Creo que la ausencia contribuye enormemente a la creación de un sentido. De hecho, es muy difícil hacer que la vida tenga un senti­do para nosotros si no percibi­mos las ausencias, si no les da­mos un lugar en nuestras vidas. Hasta la deshumanización pro­ducida por el capitalismo, los vivos estaban atentos a la experien­cia de los muertos, pues ése era su futuro. Dependían de ellos pa­ra colmar el sentido de vivir. Sólo una forma cruel de egotismo mo­derno logró romper ese equili­brio, con efectos terribles para los vivos, que ahora pensamos en los muertos como los eliminados. Pero si eliminamos la ausencia, no hay más devenir. Y sin deve­nir, no hay deseo.

En todos sus escritos, el cuer­po, la sensualidad, ocupan un lugar importante. No se trata sólo del sentido de la vista, que está en varios de sus títulos, si­no algo más físico, corporal.

La experiencia de escribir es corporal en el sentido básico de que casi siempre escribo lentamente, entre otras cosas porque corrijo mucho, soy muy minucio­so. Puedo llegar a tener seis, sie­te u ocho versiones de un mismo texto. Es posible que eso se rela­cione con la pintura, ya que tam­bién la pintura es un proceso de corrección, un proceso de des­composición de las cosas, de in­vocar la presencia. Una palabra que me parece muy precisa en mi caso es "tacto". En primer lu­gar, porque si no existiera ese tacto, la escritura interferiría con aquello sobre lo cual se escribe. El tacto no es una cuestión de amabilidad ni de buenos moda­les, sino una cuestión de no per­turbar la experiencia que se in­tenta alcanzar. Luego hay otro as­pecto del tocar que se relaciona con el lenguaje. La elección de una palabra es como encontrar el lugar preciso del cuerpo que se quiere tocar con la lengua mater­na. Para eso, hay que tener una idea de la totalidad del cuerpo, aunque no se trata exactamente de una idea, sino de un sentido, de una sensación. Voy a usar la palabra "penetrante". ¿Es pene­trante, agudo o punzante? Cada una de esas palabras es bien es­pecífica, y si al fin me decido por alguna, es sólo después de haber casi tocado todas esas opciones en mi propio cuerpo. El tacto del que hablo también se aplica a es­tas decisiones.

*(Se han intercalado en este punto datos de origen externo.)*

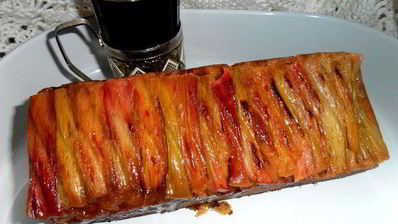 кекс в карамели на подушке из ревеня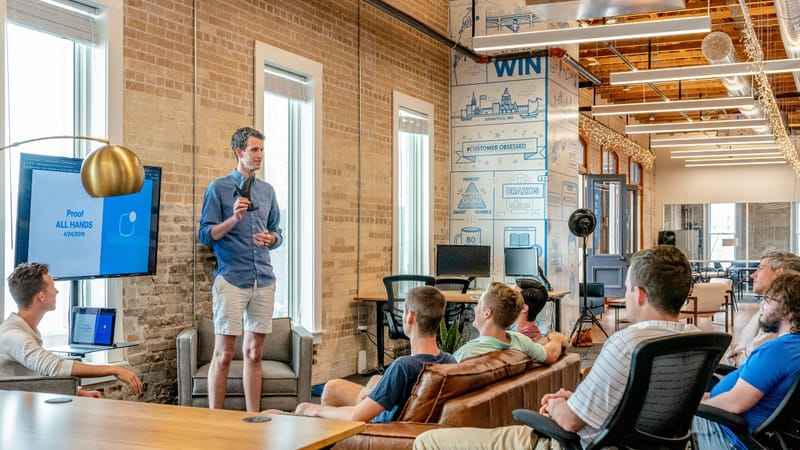 Tips and LMS Features for Delivering Effective Feedback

Usted critica la idea de la be­lleza regimentada que aparece en los medios de comunicación, en las publicidades. Opone esos rostros que están perorando, que provocan nuestra envidia y nuestro anhelo, a la belleza que confirma que la vida es y ha sido siempre un don. Se pregunta, in­cluso, cómo no caer en la trampa de la belleza. ¿Es posible no caer en la trampa de la belleza?

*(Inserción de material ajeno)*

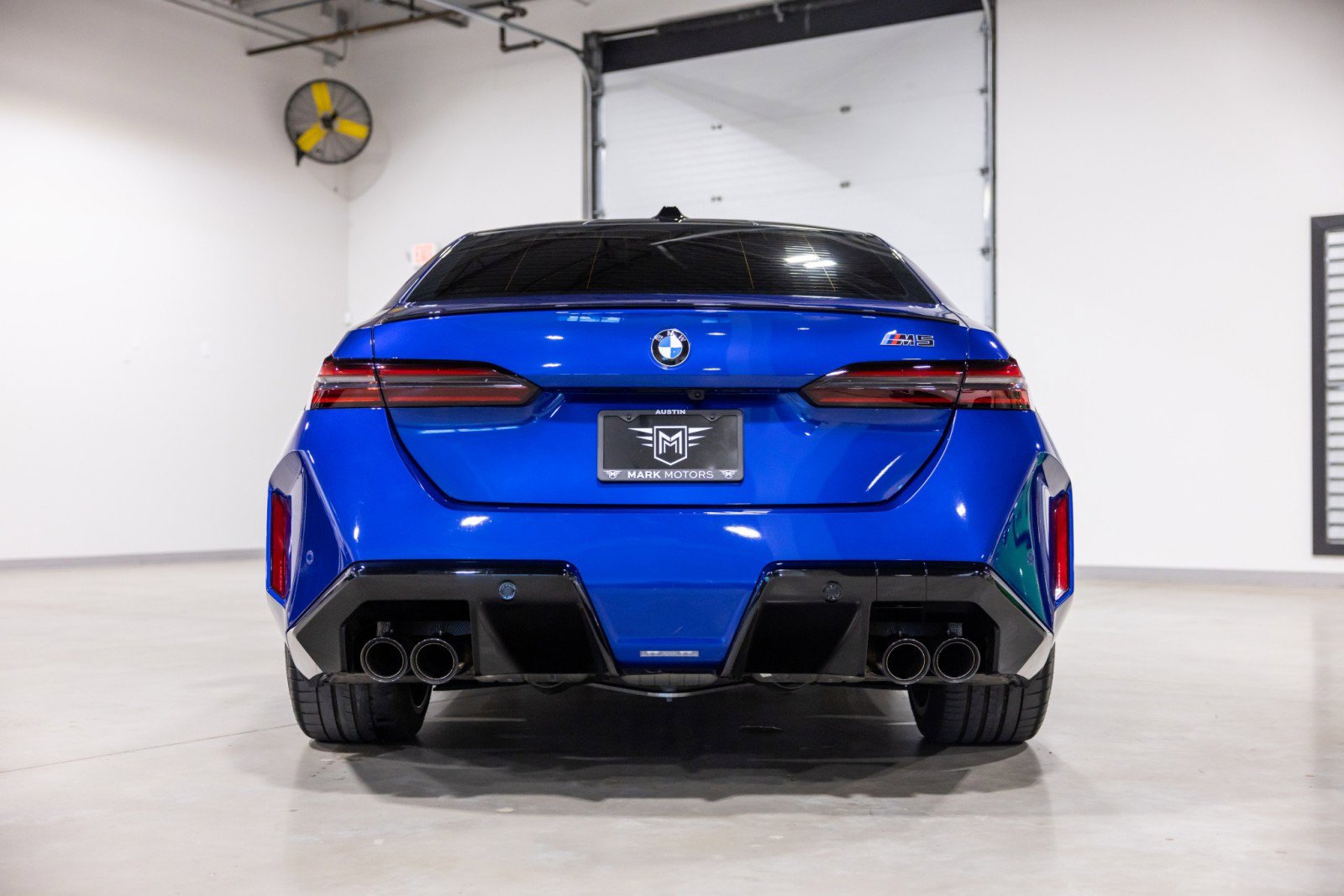 Used 2025 BMW M5 w/ Executive Package image 5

Le cuento una anécdota: hace un tiempo estaba en Florencia. Era en enero y hacía muchísimo frío. En un momento, casi sola­mente para entrar en calor, entré a un museo. De pronto me di cuenta de algo: cuando vemos al­go o a alguien bello, la primera idea que nos surge es que es un placer mirar a esa persona o ese objeto. Y sin embargo no es así: el placer reside en ser mirado por esa persona. Si lo pensamos bien, cuando decimos: "ah, qué bello", en esa expresión está la esperanza o el deseo de ser mira­do por ese objeto. Por eso la be­lleza compulsiva es tan desagradable. Hay un elemento del de­seo del que no suele hablarse. Hay una relación entre el deseo y la herida: el deseo supone dar y también recibir. Supone un aleja­miento -temporario, por supues­to- del dolor natural de vivir y ser lastimado. Esa es la trama secreta del deseo: alejarnos por un tiem­po del dolor. Si esto es así, y creo que en algún punto lo es -entre paréntesis, creo que es algo que resulta más fácil de entender pa­ra alguien que proviene de su cultura que para un anglosajón-, entonces la belleza perfecta es al mismo tiempo algo que no se puede amar ni desear, porque en su perfección intacta, sin heridas, no existe la posibilidad de dar ni de recibir. Es como dice Andrea Dworkin: "No tengo paciencia con los invulnerables, con aquellos que no han sido to­cados por un temporal, esos que nunca se han derrumbado. Gran­des puntadas, desgarros mal co­sidos, nada muy lindo. Entonces algo sale y reluce. Pero a los lus­trosos, a esos no los soporto".